*** Opening Source data ***

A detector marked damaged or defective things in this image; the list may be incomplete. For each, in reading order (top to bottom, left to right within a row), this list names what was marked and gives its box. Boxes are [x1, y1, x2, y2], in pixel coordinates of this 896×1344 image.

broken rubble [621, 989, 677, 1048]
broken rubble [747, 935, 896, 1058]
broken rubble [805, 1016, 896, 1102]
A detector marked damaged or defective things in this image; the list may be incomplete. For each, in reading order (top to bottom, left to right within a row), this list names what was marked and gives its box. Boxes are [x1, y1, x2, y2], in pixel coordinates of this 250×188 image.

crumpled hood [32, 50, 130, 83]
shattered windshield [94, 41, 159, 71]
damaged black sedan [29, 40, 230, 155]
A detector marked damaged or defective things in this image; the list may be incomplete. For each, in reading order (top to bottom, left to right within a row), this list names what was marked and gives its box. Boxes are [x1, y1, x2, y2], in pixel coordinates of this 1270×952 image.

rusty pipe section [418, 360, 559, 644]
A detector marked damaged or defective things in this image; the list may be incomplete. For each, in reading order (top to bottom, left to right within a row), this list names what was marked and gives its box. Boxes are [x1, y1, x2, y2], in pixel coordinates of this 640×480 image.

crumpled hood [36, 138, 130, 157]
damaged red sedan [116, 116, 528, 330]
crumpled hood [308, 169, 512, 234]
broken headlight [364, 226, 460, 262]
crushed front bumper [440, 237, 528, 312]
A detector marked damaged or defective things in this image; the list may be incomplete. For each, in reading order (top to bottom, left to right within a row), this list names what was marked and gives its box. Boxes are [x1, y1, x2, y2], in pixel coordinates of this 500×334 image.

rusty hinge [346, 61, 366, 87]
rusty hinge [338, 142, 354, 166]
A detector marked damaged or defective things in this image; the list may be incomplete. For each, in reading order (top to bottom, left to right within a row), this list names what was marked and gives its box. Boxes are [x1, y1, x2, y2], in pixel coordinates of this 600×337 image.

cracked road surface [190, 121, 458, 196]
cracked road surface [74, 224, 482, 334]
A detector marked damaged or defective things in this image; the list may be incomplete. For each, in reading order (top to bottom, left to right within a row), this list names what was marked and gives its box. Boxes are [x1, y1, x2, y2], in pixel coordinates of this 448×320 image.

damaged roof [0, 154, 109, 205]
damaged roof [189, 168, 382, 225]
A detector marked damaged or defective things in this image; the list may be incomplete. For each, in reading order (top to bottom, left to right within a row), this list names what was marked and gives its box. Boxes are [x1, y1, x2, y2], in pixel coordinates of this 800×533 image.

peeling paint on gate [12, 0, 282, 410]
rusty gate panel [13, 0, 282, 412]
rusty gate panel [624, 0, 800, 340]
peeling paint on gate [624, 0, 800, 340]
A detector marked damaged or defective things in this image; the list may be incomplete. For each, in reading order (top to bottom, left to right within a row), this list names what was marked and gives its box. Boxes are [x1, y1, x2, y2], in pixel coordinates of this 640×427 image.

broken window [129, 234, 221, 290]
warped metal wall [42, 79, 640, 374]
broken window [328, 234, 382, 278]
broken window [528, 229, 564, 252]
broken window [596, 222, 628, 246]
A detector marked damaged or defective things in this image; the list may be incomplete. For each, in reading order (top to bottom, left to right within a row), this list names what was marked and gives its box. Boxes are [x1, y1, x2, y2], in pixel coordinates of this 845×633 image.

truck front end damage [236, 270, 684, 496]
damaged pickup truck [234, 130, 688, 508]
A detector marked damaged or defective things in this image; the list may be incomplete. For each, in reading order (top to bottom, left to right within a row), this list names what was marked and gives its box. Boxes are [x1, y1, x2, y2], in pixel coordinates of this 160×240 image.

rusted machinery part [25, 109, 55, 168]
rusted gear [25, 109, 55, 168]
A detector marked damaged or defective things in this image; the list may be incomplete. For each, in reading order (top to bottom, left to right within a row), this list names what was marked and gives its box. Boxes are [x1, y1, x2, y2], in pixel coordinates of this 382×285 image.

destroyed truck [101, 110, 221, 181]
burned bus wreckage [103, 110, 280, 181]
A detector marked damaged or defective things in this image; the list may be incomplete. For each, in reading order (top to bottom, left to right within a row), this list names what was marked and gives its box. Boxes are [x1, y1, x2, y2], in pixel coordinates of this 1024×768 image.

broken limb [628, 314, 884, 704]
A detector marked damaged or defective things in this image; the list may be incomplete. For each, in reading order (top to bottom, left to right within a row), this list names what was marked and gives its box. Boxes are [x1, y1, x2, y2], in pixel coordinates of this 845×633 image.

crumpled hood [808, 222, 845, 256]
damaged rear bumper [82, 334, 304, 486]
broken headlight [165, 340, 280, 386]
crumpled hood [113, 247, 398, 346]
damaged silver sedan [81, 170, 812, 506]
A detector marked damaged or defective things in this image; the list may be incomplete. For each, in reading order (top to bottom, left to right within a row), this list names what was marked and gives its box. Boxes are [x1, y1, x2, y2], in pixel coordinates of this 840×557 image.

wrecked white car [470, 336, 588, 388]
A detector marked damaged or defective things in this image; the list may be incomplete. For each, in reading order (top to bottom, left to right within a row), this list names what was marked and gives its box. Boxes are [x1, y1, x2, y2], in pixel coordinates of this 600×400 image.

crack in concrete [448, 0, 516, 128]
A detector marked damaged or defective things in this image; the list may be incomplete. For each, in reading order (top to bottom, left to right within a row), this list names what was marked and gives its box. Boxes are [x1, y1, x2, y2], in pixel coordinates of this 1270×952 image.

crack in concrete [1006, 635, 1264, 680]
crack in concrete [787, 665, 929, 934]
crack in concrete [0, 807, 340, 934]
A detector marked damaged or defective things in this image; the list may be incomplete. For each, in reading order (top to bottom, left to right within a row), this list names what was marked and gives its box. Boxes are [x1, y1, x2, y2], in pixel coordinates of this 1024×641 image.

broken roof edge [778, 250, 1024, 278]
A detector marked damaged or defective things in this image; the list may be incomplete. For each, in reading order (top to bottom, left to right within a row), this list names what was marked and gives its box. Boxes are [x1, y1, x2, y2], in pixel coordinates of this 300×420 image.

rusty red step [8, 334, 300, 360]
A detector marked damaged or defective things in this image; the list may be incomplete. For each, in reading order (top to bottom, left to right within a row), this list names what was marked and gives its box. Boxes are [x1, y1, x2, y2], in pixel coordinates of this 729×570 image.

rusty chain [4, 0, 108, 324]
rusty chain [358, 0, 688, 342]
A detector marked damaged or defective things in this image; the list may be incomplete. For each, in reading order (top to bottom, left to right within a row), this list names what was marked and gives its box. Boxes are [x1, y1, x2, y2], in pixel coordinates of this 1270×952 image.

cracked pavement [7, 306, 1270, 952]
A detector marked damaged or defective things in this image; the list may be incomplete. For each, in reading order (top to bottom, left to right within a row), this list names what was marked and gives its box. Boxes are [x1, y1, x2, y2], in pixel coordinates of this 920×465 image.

*** Closing Source data ***

The problem – Go through the records and print each one exactly.

Solution –
A detector marked damaged or defective things in this image; the list may be incomplete. For each, in reading order (top to bottom, left to right within a row), this list names what was marked and gives its box. Boxes are [x1, y1, x2, y2], in pixel coordinates of this 896×1344 image.

broken rubble [621, 989, 677, 1048]
broken rubble [747, 935, 896, 1058]
broken rubble [805, 1016, 896, 1102]
A detector marked damaged or defective things in this image; the list may be incomplete. For each, in reading order (top to bottom, left to right within a row), this list names what was marked and gives its box. Boxes are [x1, y1, x2, y2], in pixel coordinates of this 250×188 image.

crumpled hood [32, 50, 130, 83]
shattered windshield [94, 41, 159, 71]
damaged black sedan [29, 40, 230, 155]
A detector marked damaged or defective things in this image; the list may be incomplete. For each, in reading order (top to bottom, left to right within a row), this list names what was marked and gives its box. Boxes are [x1, y1, x2, y2], in pixel coordinates of this 1270×952 image.

rusty pipe section [418, 360, 559, 644]
A detector marked damaged or defective things in this image; the list may be incomplete. For each, in reading order (top to bottom, left to right within a row), this list names what was marked and gives its box. Boxes are [x1, y1, x2, y2], in pixel coordinates of this 640×480 image.

crumpled hood [36, 138, 130, 157]
damaged red sedan [116, 116, 528, 330]
crumpled hood [308, 169, 512, 234]
broken headlight [364, 226, 460, 262]
crushed front bumper [440, 237, 528, 312]
A detector marked damaged or defective things in this image; the list may be incomplete. For each, in reading order (top to bottom, left to right within a row), this list names what was marked and gives its box. Boxes are [x1, y1, x2, y2], in pixel coordinates of this 500×334 image.

rusty hinge [346, 61, 366, 87]
rusty hinge [338, 142, 354, 166]
A detector marked damaged or defective things in this image; the list may be incomplete. For each, in reading order (top to bottom, left to right within a row), this list names what was marked and gives its box. Boxes are [x1, y1, x2, y2], in pixel coordinates of this 600×337 image.

cracked road surface [190, 121, 458, 196]
cracked road surface [74, 224, 482, 334]
A detector marked damaged or defective things in this image; the list may be incomplete. For each, in reading order (top to bottom, left to right within a row), this list names what was marked and gives its box. Boxes are [x1, y1, x2, y2], in pixel coordinates of this 448×320 image.

damaged roof [0, 154, 109, 205]
damaged roof [189, 168, 382, 225]
A detector marked damaged or defective things in this image; the list may be incomplete. For each, in reading order (top to bottom, left to right within a row), this list names what was marked and gives its box. Boxes are [x1, y1, x2, y2], in pixel coordinates of this 800×533 image.

peeling paint on gate [12, 0, 282, 410]
rusty gate panel [13, 0, 282, 412]
rusty gate panel [624, 0, 800, 340]
peeling paint on gate [624, 0, 800, 340]
A detector marked damaged or defective things in this image; the list may be incomplete. For each, in reading order (top to bottom, left to right within a row), this list names what was marked and gives its box. Boxes are [x1, y1, x2, y2], in pixel coordinates of this 640×427 image.

broken window [129, 234, 221, 290]
warped metal wall [42, 79, 640, 374]
broken window [328, 234, 382, 278]
broken window [528, 229, 564, 252]
broken window [596, 222, 628, 246]
A detector marked damaged or defective things in this image; the list may be incomplete. For each, in reading order (top to bottom, left to right within a row), this list names what was marked and gives its box. Boxes are [x1, y1, x2, y2], in pixel coordinates of this 845×633 image.

truck front end damage [236, 270, 684, 496]
damaged pickup truck [234, 130, 688, 508]
A detector marked damaged or defective things in this image; the list may be incomplete. For each, in reading order (top to bottom, left to right within a row), this list names what was marked and gives its box. Boxes are [x1, y1, x2, y2], in pixel coordinates of this 160×240 image.

rusted machinery part [25, 109, 55, 168]
rusted gear [25, 109, 55, 168]
A detector marked damaged or defective things in this image; the list may be incomplete. For each, in reading order (top to bottom, left to right within a row), this list names what was marked and gives its box. Boxes are [x1, y1, x2, y2], in pixel coordinates of this 382×285 image.

destroyed truck [101, 110, 221, 181]
burned bus wreckage [103, 110, 280, 181]
A detector marked damaged or defective things in this image; the list may be incomplete. For each, in reading order (top to bottom, left to right within a row), this list names what was marked and gives its box. Boxes are [x1, y1, x2, y2], in pixel coordinates of this 1024×768 image.

broken limb [628, 314, 884, 704]
A detector marked damaged or defective things in this image; the list may be incomplete. For each, in reading order (top to bottom, left to right within a row), this list names what was marked and gives its box. Boxes are [x1, y1, x2, y2], in pixel coordinates of this 845×633 image.

crumpled hood [808, 222, 845, 256]
damaged rear bumper [82, 334, 304, 486]
broken headlight [165, 340, 280, 386]
crumpled hood [113, 247, 398, 346]
damaged silver sedan [81, 170, 812, 506]
A detector marked damaged or defective things in this image; the list may be incomplete. For each, in reading order (top to bottom, left to right within a row), this list names what was marked and gives its box. Boxes are [x1, y1, x2, y2], in pixel coordinates of this 840×557 image.

wrecked white car [470, 336, 588, 388]
A detector marked damaged or defective things in this image; the list may be incomplete. For each, in reading order (top to bottom, left to right within a row), this list names what was marked and gives its box. Boxes are [x1, y1, x2, y2], in pixel coordinates of this 600×400 image.

crack in concrete [448, 0, 516, 128]
A detector marked damaged or defective things in this image; the list may be incomplete. For each, in reading order (top to bottom, left to right within a row), this list names what was marked and gives its box. Boxes are [x1, y1, x2, y2], in pixel coordinates of this 1270×952 image.

crack in concrete [1006, 635, 1264, 680]
crack in concrete [787, 665, 929, 934]
crack in concrete [0, 807, 340, 934]
A detector marked damaged or defective things in this image; the list may be incomplete. For each, in reading order (top to bottom, left to right within a row), this list names what was marked and gives its box. Boxes are [x1, y1, x2, y2], in pixel coordinates of this 1024×641 image.

broken roof edge [778, 250, 1024, 278]
A detector marked damaged or defective things in this image; the list may be incomplete. For each, in reading order (top to bottom, left to right within a row), this list names what was marked and gives its box. Boxes are [x1, y1, x2, y2], in pixel coordinates of this 300×420 image.

rusty red step [8, 334, 300, 360]
A detector marked damaged or defective things in this image; the list may be incomplete. For each, in reading order (top to bottom, left to right within a row), this list names what was marked and gives its box. Boxes are [x1, y1, x2, y2], in pixel coordinates of this 729×570 image.

rusty chain [4, 0, 108, 324]
rusty chain [358, 0, 688, 342]
A detector marked damaged or defective things in this image; the list may be incomplete. For each, in reading order (top to bottom, left to right within a row), this list names what was marked and gives its box. Boxes are [x1, y1, x2, y2], in pixel coordinates of this 1270×952 image.

cracked pavement [7, 306, 1270, 952]
A detector marked damaged or defective things in this image; the list may be incomplete. For each, in reading order (top to bottom, left to right within a row), this list names what was marked and gives its box. Boxes are [x1, y1, x2, y2], in pixel coordinates of this 920×465 image.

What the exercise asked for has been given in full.